Combat Zone

Exclusive: Grizz speaks out about affair with Trump

By Lee L. Benbow

Earlier this week, The University of Puget Sound’s mascot, Grizz, joined the list of names that have come out with details of affairs with current president Donald Trump. Grizz, being the loyal Logger he is, sat down with The Flail to give us his side of the story. Trump has yet to tweet about the story, but Grizz assumes it is just a matter of time.
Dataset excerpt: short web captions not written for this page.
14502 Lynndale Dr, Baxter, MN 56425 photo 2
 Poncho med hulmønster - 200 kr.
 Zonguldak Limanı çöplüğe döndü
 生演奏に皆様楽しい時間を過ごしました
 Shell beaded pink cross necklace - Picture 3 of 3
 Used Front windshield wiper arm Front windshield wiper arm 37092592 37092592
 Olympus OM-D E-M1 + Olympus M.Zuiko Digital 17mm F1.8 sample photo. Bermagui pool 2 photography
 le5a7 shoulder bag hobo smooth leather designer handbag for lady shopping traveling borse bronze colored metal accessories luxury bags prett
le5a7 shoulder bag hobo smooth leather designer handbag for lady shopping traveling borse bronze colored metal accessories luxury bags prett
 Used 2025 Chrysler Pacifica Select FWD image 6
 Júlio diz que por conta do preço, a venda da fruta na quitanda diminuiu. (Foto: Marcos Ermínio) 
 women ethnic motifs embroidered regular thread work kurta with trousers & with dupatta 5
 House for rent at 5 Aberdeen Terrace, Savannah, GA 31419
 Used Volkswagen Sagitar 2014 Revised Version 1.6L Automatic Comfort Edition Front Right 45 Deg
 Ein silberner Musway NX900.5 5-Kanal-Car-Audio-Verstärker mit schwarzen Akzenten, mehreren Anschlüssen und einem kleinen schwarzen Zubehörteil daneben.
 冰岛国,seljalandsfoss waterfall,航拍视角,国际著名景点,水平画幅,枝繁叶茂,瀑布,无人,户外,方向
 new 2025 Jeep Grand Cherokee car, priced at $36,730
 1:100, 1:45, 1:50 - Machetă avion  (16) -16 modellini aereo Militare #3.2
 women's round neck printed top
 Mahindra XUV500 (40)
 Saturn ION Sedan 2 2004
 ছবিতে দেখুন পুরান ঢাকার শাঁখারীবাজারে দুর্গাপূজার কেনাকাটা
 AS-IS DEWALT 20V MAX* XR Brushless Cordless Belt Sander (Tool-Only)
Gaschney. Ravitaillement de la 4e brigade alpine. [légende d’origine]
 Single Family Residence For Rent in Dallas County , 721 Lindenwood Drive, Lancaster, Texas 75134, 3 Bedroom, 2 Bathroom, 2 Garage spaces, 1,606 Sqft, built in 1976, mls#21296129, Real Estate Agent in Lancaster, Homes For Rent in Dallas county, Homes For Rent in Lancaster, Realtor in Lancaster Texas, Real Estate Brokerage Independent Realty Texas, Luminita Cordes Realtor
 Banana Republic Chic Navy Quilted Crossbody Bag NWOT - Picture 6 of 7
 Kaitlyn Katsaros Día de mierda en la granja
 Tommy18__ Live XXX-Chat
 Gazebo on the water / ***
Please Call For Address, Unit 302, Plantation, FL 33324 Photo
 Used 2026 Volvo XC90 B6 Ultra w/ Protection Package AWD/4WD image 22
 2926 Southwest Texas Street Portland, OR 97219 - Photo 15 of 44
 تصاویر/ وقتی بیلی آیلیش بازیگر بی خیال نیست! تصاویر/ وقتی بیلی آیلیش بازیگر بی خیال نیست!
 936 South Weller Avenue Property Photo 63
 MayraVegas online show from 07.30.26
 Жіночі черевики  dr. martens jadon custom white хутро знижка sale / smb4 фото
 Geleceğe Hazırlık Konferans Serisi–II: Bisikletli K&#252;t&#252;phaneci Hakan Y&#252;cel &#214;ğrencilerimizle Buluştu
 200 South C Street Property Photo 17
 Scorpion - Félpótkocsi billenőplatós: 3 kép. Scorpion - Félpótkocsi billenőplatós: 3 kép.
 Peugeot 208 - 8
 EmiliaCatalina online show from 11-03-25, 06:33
The affair lasted six weeks and began in the fall of 2017 when Trump visited campus to personally call out Flail writer Hons Johnson. Once Trump had finished the scuffle with Johnson, he attended a football game where he was taken aback by the talent and confidence of Grizz. “He said that I reminded him of Putin, with how brave I was. And he appreciated my moxie,” Grizz said. “We would go on to have dinner at the Cellar once and talk for a couple weeks after.” When The Flail asked Grizz if Trump broke his heart, he became very busy polishing his ax and looking off into the distance.

Beyond the affair’s implications for Grizz’s heart, there are larger effects on the University. Rumors of personalized tax cuts or Trump as a possible commencement speaker have swirled around campus with no verifications to date. It is unlikely that Trump will revisit campus, as the brief fling is completely over, but Grizz said, “It ended mutually, and I wish him the best.” According to Grizz, Trump’s son Barron still needs to attend college and perhaps this connection will give the University of Puget Sound a leg up in competition for where he will attend.

The Flail contacted Trump via Twitter direct messages for a comment on the story, but received only a swift block. However, Grizz was able to shed more light on his time with the POTUS. “When we went to the Cellar, he bought 15 tubs of plain pringles and ordered a pizza with all the pepperoni they had on it. It was a very large pizza and I thought that it was a weird order, but decided not to comment.” When asked about the nature of the fling, Grizz slyly replied that he does not “collude and tell.” What a tease. Despite leaving out many facts, Grizz managed to spill that “Trump also ordered for me at the cellar, getting a Frank Cilantro smoothie and an uncooked single serving of Annie’s Mac and Cheese. I didn’t know what to do because he is the commander in chief so I crunched on the hard noodles and sampled the plain cheese powder.”

When Grizz first came to The Flail with his story, we were astonished because Grizz is usually a pretty low-key guy who keeps to himself. As it unraveled, however, it just made sense. Nevertheless, Trump and Grizz as a couple were here for a good time, not a long time. The Flail wishes First Lady Melania Trump the best as the news breaks and spreads. Trump has still avoided commenting directly on this relationship, but did mention that Joe Biden would fight worse “than a D-3 liberal arts school’s mascot.” This may have been directed at our dear Grizz but no clear tie has been drawn yet.